(Rat) Apocalypse Now
Peter Paquin has a term he likes to use. He’s not sure where it's from or if he made it up. “Misanthropologist” combines two terms: misanthrope meaning “hater of mankind” and anthropologist. What Paquin wants the viewers of his first solo show to know is that he doesn't actually hate humankind— It's just that he's painfully aware of human ignorance. To Paquin, the show and its message is ”more about humans being their own worst enemy.“
So if it's about humans, why rats? Paquin has been using rats as an icon for decades since he first began tagging them in the late 90’s. What Verman shows us, other than Paquin's popularity in the art world, is the ability for iconography to hold many layers of meaning: "what it boils down to is having a subject that I can use as an image and just do variations on. And the image also loses meaning if that makes sense. But while also having this incredibly heavy meaning, in the opposite regard, it becomes extremely abstract.”

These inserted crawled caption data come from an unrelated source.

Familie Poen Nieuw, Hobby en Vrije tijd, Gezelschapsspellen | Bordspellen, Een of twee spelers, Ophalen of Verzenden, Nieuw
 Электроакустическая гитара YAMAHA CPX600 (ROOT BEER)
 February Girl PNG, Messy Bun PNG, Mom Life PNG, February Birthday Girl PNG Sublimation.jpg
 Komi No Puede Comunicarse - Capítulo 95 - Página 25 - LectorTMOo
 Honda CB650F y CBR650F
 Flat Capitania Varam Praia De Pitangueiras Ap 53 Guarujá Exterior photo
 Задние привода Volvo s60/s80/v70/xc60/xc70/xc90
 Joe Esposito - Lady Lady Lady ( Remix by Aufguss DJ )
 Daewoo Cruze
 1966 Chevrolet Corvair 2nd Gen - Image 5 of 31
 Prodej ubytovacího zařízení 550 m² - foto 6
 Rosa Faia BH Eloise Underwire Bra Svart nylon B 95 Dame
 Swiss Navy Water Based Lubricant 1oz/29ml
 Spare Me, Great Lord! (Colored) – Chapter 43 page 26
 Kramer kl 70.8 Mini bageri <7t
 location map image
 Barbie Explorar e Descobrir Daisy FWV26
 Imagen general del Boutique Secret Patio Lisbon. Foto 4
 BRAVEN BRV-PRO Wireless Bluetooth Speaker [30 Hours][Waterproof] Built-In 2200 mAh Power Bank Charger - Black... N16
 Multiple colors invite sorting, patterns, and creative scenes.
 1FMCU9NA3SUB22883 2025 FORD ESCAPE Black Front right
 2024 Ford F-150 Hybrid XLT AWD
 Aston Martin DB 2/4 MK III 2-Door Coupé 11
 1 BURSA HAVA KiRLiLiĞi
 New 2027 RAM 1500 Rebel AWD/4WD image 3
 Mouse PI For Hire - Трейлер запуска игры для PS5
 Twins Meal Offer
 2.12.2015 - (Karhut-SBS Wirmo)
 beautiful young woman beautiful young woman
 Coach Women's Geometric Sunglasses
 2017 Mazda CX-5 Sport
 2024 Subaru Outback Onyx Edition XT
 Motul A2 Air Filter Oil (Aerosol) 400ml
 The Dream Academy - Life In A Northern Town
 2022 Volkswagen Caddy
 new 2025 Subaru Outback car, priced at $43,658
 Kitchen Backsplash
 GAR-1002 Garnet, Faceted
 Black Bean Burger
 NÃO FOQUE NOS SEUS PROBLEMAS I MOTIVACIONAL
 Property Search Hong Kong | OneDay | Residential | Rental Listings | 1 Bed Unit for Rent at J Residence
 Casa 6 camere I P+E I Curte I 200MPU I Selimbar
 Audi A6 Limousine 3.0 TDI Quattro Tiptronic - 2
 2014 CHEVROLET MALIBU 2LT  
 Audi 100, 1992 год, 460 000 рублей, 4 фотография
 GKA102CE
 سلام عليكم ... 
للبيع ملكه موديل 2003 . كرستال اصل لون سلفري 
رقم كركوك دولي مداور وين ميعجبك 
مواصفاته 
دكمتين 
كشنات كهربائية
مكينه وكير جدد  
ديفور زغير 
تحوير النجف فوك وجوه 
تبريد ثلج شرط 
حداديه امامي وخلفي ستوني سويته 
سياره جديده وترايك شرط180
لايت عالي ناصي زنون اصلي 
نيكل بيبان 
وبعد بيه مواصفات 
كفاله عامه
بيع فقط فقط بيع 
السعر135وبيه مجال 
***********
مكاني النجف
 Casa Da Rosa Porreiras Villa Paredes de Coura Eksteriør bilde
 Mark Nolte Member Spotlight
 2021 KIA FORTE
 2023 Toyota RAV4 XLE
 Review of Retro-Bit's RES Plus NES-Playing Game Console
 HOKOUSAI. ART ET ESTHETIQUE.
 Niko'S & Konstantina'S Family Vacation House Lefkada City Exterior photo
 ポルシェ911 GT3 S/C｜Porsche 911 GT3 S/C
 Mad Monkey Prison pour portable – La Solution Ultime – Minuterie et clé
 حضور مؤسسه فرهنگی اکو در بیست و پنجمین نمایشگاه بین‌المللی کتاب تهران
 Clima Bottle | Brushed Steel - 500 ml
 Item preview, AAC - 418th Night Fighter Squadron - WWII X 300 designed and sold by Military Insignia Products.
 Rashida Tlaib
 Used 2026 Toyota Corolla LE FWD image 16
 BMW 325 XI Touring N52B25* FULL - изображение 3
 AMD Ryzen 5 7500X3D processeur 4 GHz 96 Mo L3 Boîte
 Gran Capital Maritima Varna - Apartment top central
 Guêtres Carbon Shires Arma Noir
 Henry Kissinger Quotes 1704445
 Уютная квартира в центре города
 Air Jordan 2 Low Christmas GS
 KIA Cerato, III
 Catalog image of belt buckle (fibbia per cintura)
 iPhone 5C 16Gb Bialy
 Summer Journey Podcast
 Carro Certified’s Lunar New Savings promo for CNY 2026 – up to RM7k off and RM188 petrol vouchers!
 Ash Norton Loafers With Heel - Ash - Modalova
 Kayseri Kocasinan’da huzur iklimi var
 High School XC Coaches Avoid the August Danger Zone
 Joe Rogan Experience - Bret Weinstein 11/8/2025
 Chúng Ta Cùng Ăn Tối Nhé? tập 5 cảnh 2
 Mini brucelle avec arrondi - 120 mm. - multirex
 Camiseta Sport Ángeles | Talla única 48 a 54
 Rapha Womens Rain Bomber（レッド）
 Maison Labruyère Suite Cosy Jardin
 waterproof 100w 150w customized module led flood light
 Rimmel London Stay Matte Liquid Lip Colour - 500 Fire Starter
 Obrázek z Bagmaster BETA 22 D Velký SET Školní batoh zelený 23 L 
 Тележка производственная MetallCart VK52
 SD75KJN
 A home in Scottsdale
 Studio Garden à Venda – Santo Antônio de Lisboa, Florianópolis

While it may not be a premonition exactly, Verman points out the ironic ways humans degrade ourselves. We try so hard not to see the waste that we create and the vermin that live on that waste. But like many other things in life, it's the things that we try so desperately to make invisible that becomes so detrimental to us because of the ways we allow them to mutate and fester without accountability. Ironically, it's exactly this aggressive neglect of the filth that we have created that makes it so potently fatal. By forcing us to look at this and experience “the rat” as we have made him, Peter Paquin may have a hand in stopping this vicious cycle, but I suppose it's up to us in the end.
Verman by Peter Paquin is currently on view at Procell, 5 Delancey St, NY, NY.